─── Data records ───

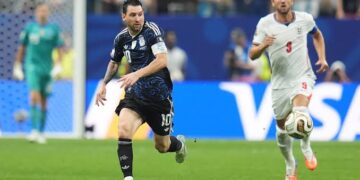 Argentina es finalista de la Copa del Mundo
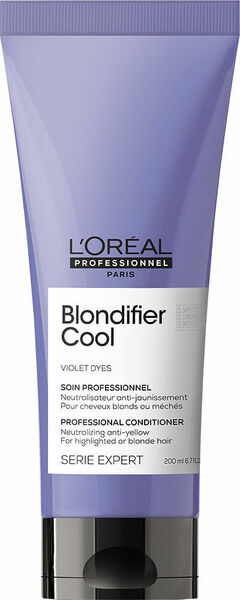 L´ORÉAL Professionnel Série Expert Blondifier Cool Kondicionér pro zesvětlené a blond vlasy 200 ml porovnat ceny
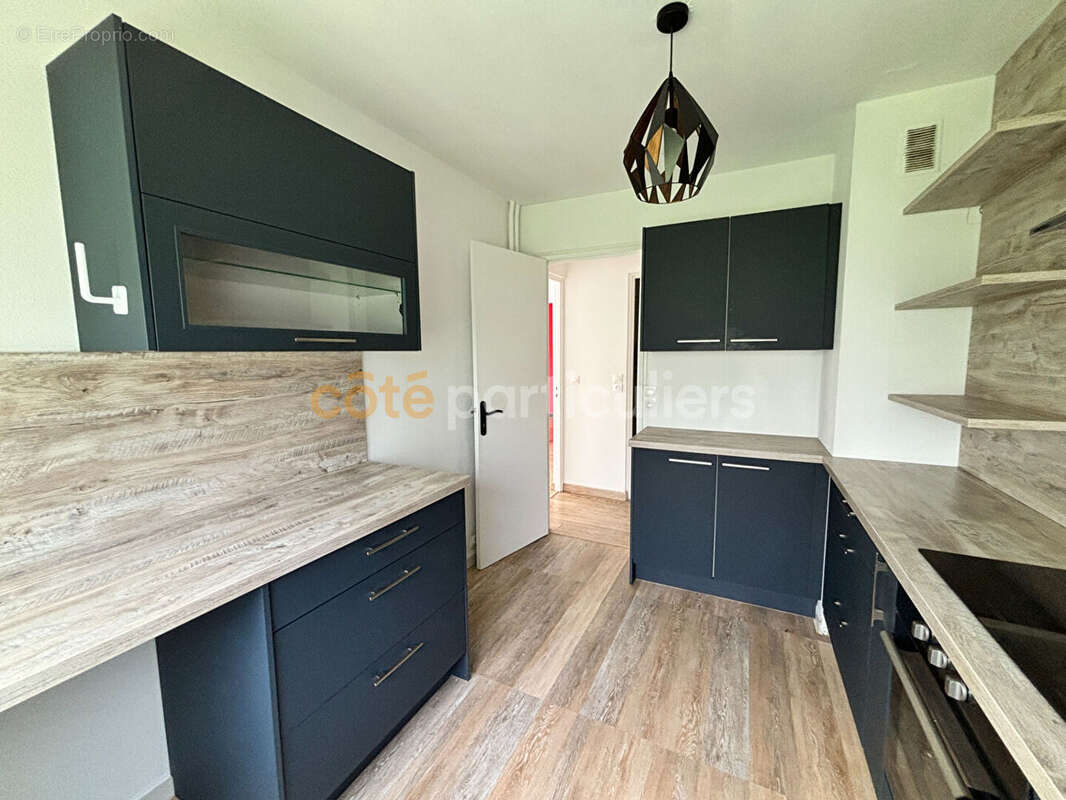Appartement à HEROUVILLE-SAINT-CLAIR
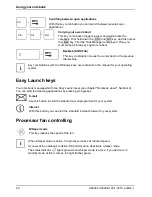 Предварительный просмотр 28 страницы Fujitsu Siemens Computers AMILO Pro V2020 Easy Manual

───
─── Data records ───

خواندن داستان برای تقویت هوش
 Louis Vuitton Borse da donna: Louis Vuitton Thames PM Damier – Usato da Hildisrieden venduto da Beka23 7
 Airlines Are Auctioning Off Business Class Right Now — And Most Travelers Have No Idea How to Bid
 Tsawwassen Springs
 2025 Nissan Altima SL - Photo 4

───

» What the task requires: Both boundary lines included, write out word for word only the lines above from the one containing "Argentina es finalista de la Copa del Mundo" to the one containing "Предварительный просмотр 28", leaving out any pictures.

» Reply to the task:
 Argentina es finalista de la Copa del Mundo
 L´ORÉAL Professionnel Série Expert Blondifier Cool Kondicionér pro zesvětlené a blond vlasy 200 ml porovnat ceny
Appartement à HEROUVILLE-SAINT-CLAIR
 Предварительный просмотр 28 страницы Fujitsu Siemens Computers AMILO Pro V2020 Easy Manual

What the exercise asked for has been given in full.